It is located on a magnificent hill top commanding a fantastic view of Kathmandu valley, the Changu Narayan—the temple of Lord Vishnu—is 6 and wood. In fact it is one of the finest examples of Nepalese architecture. The first epigraphic evidence of Nepalese history found in the temple premises during the reign of the Lichchavi King Mandeva dating back to 464 AD shows that Changu had already been established as a sacred location in the 3rd century AD. The present structure was probably constructed in the 17th century, though older elements have been incorporated during the restorations. The pagoda style temple has several masterpieces of 5th and 12th century Nepalese art.
Some of the important sculptures here as:
1. Viswo Roop-
Lord Vishnu in his all pervasive universal form Vishnu Roop represented in a serpent bed- the- symbolic of the endless water. This sculpture dates back to 8th century AD.
2. Vishnu Vikranta-
Lord Vishnu in his most powerful form measuring the space by his feet. This stone bas-relief image is dated as 8th century AD.
3. Vishnu mounted in his vehicle Garuda- the mythical man bird.
4. Nr-singha Vishnu in his half human and half lion’s form.
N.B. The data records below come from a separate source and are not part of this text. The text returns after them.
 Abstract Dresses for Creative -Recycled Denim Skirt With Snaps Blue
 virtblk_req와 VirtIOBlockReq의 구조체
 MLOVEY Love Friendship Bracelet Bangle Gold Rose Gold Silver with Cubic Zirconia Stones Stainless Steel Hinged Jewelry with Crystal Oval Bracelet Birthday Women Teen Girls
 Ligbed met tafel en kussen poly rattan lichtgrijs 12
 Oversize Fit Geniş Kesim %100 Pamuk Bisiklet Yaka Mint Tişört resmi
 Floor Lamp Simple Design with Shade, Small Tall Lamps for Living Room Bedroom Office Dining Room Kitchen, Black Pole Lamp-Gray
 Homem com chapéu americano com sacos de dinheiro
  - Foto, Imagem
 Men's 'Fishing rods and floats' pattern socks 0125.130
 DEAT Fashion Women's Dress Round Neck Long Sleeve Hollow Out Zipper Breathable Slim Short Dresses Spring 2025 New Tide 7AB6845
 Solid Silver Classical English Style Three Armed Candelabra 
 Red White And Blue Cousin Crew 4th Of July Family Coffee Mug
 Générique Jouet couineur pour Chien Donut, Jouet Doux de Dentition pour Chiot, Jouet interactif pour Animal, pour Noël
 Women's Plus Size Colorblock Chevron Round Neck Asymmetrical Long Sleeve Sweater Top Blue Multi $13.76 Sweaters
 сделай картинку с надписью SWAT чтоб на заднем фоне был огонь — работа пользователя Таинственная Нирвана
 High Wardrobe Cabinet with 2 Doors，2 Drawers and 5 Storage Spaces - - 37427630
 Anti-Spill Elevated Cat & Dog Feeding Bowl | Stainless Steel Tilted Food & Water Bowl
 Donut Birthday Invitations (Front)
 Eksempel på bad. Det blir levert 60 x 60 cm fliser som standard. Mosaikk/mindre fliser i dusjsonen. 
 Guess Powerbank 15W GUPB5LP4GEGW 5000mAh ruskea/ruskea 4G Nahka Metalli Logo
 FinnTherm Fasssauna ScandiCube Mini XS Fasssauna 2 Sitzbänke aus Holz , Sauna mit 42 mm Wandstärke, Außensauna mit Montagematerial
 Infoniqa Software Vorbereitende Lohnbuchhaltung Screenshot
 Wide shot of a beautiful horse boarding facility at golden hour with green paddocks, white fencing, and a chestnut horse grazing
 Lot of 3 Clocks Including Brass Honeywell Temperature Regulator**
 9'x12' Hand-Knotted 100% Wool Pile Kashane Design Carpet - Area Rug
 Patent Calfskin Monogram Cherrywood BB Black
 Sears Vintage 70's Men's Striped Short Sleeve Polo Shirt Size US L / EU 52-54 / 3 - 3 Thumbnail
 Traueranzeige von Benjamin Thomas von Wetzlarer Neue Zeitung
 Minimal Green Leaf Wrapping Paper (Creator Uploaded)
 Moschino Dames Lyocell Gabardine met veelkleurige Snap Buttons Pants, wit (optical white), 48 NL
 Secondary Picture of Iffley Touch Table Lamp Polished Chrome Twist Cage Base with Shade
The myth behind the conception of the Changu Narayan Temple signifies the religious significance and importance of the place. According to a legend, Lord Vishnu beheaded a Brahmin thinking it to be a demon and only discovered it later that he had committed a heinous crime. He then wandered on earth on his mount, the ‘Garuda’ eventually descending on the hill at Changu. There he lived in anonymity, surviving on milk stolen form a cow belonging to a hermit sage called Sudharshan. When Sudharshan found out about the stolen milk, he attacked and beheaded Lord Vishnu which freed Lord Vishnu from his sins. Ever since that day, the site has been held sacred and the temple has been revered.